Janet Bowdan, editor of Common Ground Review, author of Making Progress


“Laurel Benjamin hasn’t stopped inventing language since childhood, when she and her brother communicated with each other in a language of their own devising. Written into the Curve of the Sea’s Open Throat finds creative ways to talk about family history and Jewish identity as Benjamin experiments with punctuation and form. Deliberate, and often as delicate as the crochet to which she compares them, these poems convey both meaning and deep feeling. Yet they leave space for readers to bring their own associations and resonances, like the pieces of visual art that inspired many of them.
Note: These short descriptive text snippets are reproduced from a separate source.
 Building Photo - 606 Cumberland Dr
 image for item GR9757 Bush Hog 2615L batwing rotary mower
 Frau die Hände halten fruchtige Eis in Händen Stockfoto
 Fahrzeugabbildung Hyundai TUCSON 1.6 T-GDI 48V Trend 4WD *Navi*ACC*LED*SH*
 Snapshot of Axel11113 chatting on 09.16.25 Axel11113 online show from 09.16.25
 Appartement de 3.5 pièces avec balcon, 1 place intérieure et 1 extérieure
Smart, beautiful work.”
Susan Cohen, author of Democracy of Fire


“Oh, with that starling, the subtle weight of hineni (הנני) we begin these poems, invited to walk side by side, observe every detail, because we ‘could all use some advice on enlightenment.’ Laurel Benjamin’s evocatively titled, Written into the Curve of the Sea’s Open Throat, carries us on the tides to investigate and feel present with the echo of the imperative, ‘you will be mortal.’ Read slowly, selectively, and stay in the poems for a while, feel the textures and music of constant seeking, where we also find enlightenment, ‘rash with coercive thoughts,’ a tingle all the time, around the edges of haphazard life, a heart-breaking round up of life’s celebrations, losses, but most of the time, witness to the constant motion, constant awareness, fully present and attentive, ‘tucked behind our ears.’”
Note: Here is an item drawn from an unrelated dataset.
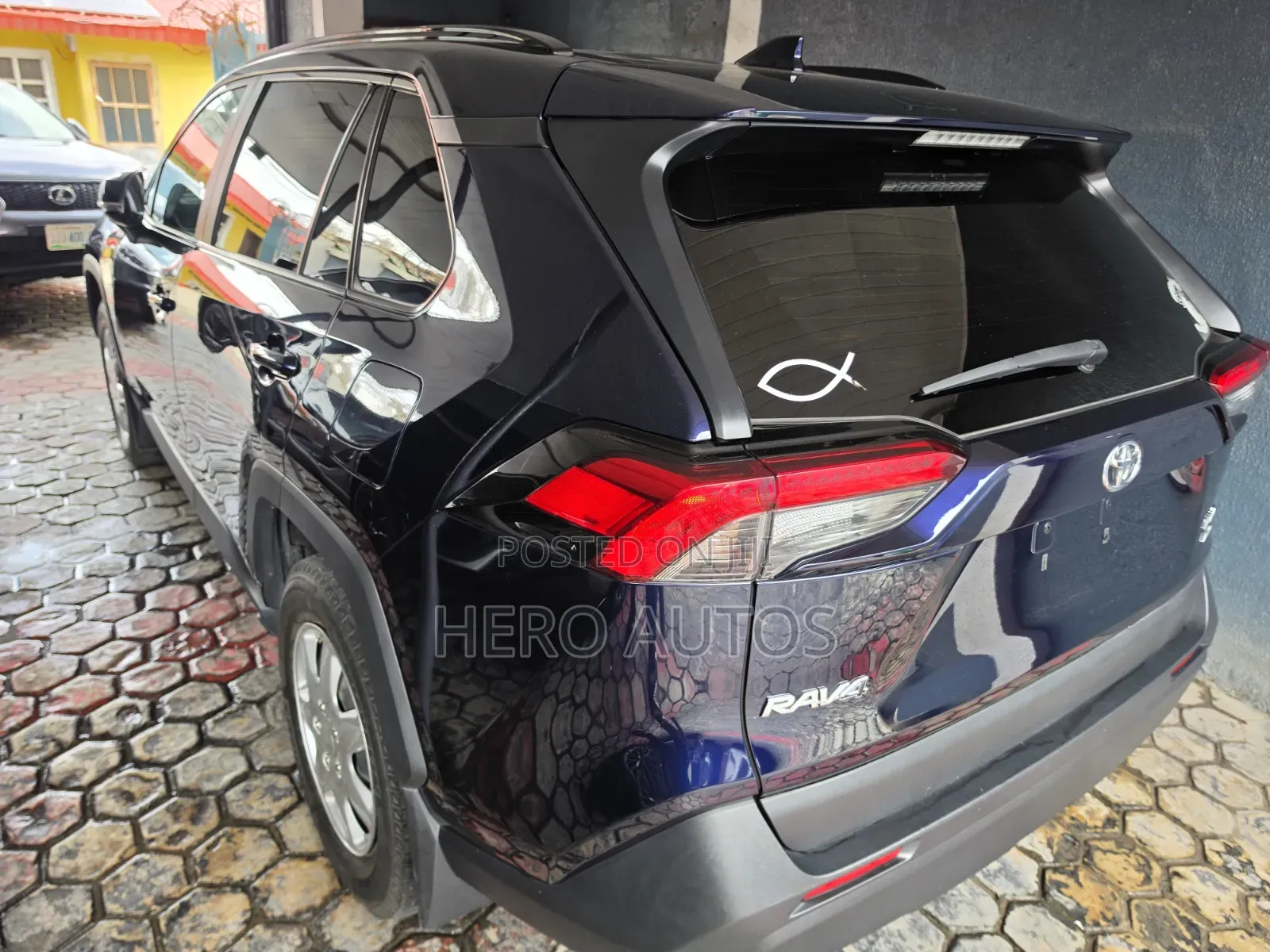 Toyota RAV4 2021 Blue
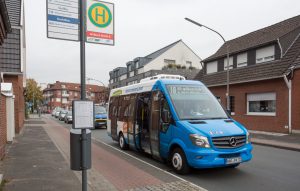 Kleine Busse ganz groß: Seit dem Fahrplanwechsel werden die kleinen Helfer getestet. (Foto: Stadtwerke)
Michelle Holland, author of Circe at the Laundromat


Written into the Curve of the Sea’s Open Throat shows the power of the ekphrastic process, in a deeply personal story of a woman coming to terms with the body, a long-term marriage, family, and personal loss, as well as the intersections of family with her Jewish heritage, and the loses inherent in that diasporic experience. In ‘The Sacrificial Goat,’ the narrator says, ‘I’ve come to ask the goats about impermanence,’ an approach that is simultaneously direct and metaphorical, which captures the subtle power of this lovely book.”